WORK ITEM:
Exactly the lines starting at the line containing "SAFAVIEH Marbella Cassandra" and ending at the line containing "Water and Light Sculpture-伯班克必去景点" are to be written out from the listing below, both included.

INFORMATION SHOWN:
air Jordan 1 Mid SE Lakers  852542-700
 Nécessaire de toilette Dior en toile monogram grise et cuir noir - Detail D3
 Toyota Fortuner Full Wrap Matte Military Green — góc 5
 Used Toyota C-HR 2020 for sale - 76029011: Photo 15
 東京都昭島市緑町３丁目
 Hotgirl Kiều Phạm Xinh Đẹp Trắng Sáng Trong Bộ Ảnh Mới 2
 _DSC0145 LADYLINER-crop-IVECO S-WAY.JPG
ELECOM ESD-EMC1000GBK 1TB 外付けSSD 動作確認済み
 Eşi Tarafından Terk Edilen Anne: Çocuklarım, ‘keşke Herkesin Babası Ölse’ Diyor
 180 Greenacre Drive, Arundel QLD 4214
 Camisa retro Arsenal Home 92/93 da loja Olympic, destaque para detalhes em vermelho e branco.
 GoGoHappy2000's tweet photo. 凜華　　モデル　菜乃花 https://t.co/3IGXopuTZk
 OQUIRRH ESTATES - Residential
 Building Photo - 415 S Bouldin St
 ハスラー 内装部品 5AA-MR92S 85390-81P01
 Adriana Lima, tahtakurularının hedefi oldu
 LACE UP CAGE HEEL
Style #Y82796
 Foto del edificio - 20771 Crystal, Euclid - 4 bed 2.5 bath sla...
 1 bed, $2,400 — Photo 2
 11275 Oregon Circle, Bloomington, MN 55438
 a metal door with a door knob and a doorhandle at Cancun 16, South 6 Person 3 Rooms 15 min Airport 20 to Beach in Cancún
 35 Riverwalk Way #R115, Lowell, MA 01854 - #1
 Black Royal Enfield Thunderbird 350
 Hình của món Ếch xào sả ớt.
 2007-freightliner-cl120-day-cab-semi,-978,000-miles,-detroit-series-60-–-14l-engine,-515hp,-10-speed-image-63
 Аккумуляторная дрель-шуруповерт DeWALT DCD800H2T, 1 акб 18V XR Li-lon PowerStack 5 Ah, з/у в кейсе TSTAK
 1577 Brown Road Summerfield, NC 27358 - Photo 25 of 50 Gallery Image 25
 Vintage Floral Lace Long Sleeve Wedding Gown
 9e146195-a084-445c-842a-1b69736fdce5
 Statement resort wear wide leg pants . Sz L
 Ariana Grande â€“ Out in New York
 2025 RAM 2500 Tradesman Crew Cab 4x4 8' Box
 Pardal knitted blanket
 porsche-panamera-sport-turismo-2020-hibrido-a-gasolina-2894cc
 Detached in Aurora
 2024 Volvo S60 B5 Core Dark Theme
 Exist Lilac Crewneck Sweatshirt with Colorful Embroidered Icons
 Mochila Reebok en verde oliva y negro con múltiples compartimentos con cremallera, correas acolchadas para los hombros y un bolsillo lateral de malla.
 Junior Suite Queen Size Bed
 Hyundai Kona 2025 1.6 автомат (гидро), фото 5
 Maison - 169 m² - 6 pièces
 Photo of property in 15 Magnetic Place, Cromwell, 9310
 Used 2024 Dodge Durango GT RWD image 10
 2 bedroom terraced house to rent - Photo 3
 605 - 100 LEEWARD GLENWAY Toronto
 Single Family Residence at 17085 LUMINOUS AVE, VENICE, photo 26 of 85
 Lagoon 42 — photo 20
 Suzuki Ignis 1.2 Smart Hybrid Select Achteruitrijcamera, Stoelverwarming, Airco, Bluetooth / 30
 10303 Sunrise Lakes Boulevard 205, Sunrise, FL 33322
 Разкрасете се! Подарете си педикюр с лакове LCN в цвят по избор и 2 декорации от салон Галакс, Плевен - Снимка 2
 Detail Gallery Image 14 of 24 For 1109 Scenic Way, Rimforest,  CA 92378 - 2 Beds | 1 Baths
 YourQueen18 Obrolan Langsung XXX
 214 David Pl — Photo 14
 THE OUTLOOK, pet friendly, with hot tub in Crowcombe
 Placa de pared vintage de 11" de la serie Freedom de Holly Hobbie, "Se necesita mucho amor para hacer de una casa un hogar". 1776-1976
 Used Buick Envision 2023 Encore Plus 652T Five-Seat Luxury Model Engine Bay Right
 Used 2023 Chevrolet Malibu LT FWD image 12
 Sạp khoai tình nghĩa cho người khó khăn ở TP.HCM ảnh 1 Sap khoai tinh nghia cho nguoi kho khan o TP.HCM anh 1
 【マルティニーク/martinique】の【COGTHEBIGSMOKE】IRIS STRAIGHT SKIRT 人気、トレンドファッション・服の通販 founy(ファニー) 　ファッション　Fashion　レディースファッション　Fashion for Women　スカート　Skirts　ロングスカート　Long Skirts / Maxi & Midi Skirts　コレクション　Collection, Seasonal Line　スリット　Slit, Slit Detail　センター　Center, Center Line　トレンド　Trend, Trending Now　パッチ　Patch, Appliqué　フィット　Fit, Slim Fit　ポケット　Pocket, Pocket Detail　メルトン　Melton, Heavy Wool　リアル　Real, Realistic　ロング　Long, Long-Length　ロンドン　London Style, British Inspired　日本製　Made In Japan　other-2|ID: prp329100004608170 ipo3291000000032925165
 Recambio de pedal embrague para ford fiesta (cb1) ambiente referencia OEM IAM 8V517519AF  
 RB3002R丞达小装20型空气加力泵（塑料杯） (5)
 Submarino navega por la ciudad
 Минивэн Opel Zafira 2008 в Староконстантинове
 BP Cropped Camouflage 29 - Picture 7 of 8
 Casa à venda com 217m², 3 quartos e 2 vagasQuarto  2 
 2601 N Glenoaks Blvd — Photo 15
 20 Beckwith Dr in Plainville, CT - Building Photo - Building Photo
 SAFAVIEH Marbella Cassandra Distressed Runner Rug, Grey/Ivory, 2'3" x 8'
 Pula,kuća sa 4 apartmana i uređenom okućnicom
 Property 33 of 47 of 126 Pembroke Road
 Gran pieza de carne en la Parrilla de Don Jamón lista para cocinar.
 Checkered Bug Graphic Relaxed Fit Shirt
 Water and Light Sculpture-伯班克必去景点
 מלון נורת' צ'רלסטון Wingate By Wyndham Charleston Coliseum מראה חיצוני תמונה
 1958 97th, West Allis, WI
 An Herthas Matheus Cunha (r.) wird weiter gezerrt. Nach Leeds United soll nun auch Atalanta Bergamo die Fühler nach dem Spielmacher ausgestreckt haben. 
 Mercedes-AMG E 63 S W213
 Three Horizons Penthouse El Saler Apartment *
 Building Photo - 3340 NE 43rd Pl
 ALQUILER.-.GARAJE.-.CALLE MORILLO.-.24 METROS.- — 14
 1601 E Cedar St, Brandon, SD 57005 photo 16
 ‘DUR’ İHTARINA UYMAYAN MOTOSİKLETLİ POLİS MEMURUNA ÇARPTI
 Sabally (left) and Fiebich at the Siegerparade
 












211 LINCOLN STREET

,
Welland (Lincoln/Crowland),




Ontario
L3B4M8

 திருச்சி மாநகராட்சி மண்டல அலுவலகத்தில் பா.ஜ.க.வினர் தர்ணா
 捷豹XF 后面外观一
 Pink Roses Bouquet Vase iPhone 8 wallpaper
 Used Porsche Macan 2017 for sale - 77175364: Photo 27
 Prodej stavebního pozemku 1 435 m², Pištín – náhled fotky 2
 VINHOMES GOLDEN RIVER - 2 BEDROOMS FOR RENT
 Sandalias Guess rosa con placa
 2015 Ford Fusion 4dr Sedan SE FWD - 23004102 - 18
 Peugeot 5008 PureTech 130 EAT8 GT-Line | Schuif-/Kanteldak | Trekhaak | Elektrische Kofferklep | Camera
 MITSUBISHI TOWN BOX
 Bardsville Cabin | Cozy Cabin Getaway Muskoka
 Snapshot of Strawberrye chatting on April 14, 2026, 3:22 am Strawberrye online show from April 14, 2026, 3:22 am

REPLY:
 SAFAVIEH Marbella Cassandra Distressed Runner Rug, Grey/Ivory, 2'3" x 8'
 Pula,kuća sa 4 apartmana i uređenom okućnicom
 Property 33 of 47 of 126 Pembroke Road
 Gran pieza de carne en la Parrilla de Don Jamón lista para cocinar.
 Checkered Bug Graphic Relaxed Fit Shirt
 Water and Light Sculpture-伯班克必去景点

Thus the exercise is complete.